YOUR GOAL.
With no images included, output each entry below exactly as it appears.

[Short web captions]
::::
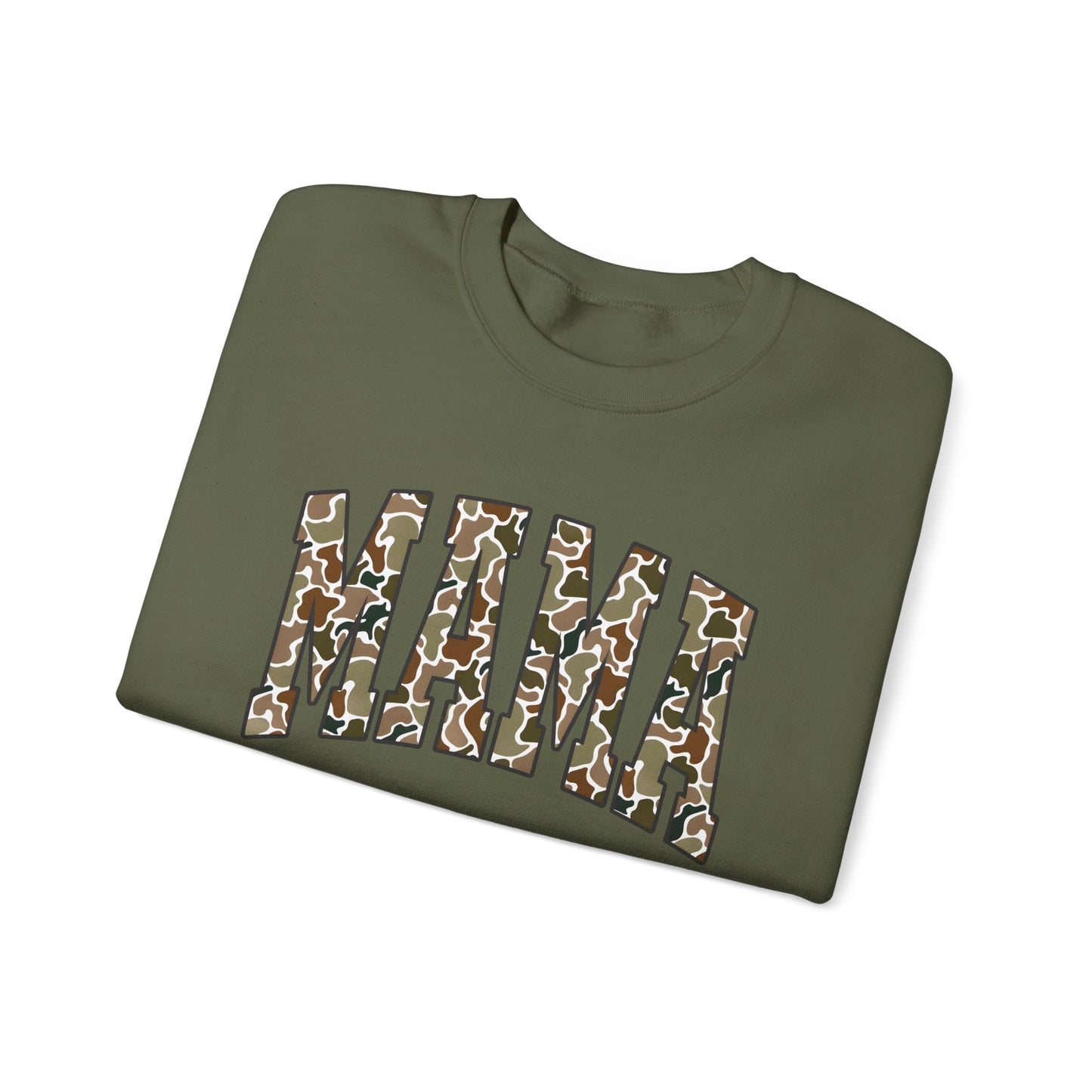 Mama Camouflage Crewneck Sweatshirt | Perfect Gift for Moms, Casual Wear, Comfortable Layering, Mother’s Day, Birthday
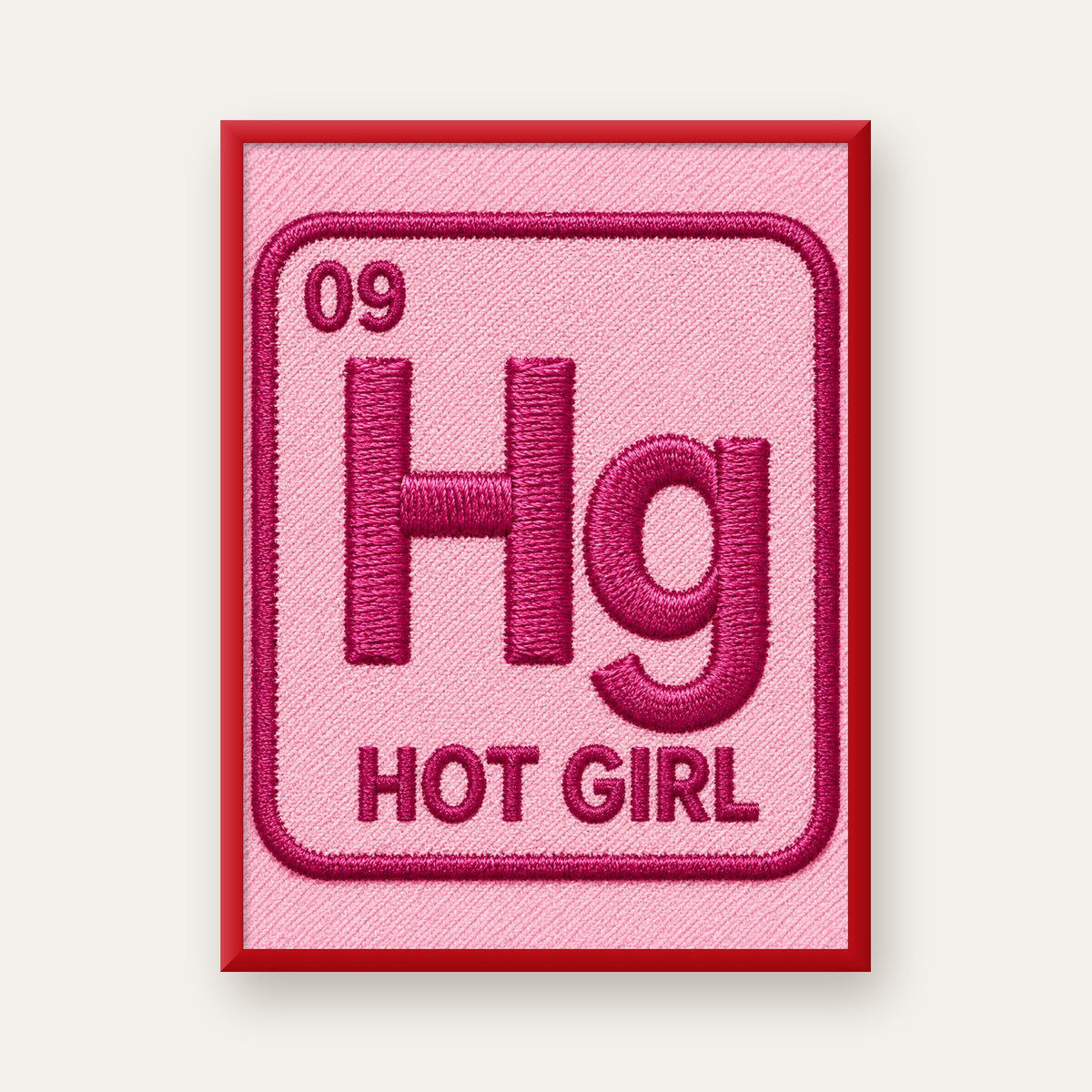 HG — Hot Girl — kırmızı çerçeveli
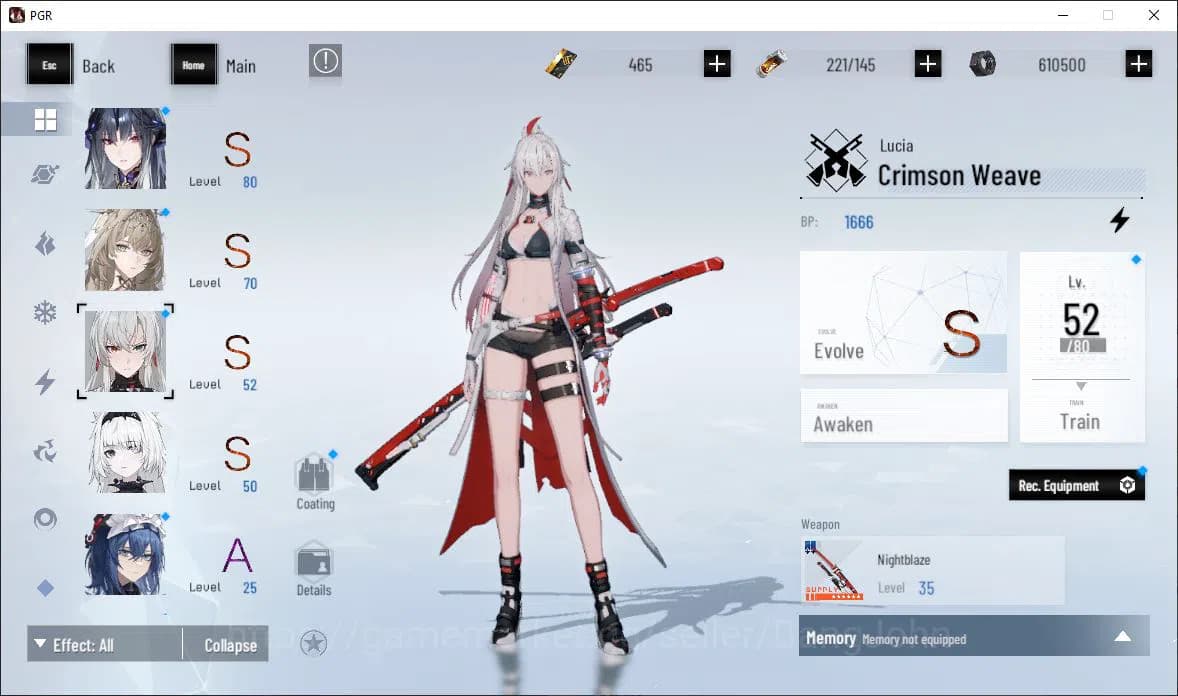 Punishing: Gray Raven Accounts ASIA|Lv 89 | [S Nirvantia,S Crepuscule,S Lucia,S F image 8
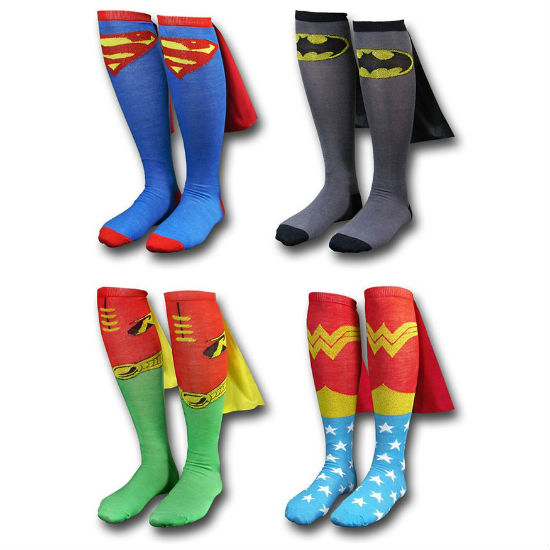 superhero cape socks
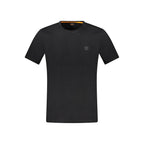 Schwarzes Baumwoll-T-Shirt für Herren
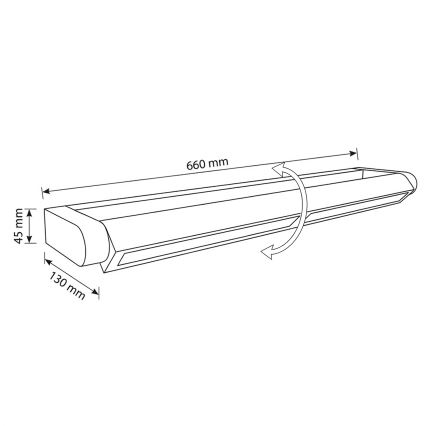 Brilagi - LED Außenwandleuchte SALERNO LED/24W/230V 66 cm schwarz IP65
::::
EXERCISE RESULT.
 Mama Camouflage Crewneck Sweatshirt | Perfect Gift for Moms, Casual Wear, Comfortable Layering, Mother’s Day, Birthday
 HG — Hot Girl — kırmızı çerçeveli
 Punishing: Gray Raven Accounts ASIA|Lv 89 | [S Nirvantia,S Crepuscule,S Lucia,S F image 8
 superhero cape socks
 Schwarzes Baumwoll-T-Shirt für Herren
 Brilagi - LED Außenwandleuchte SALERNO LED/24W/230V 66 cm schwarz IP65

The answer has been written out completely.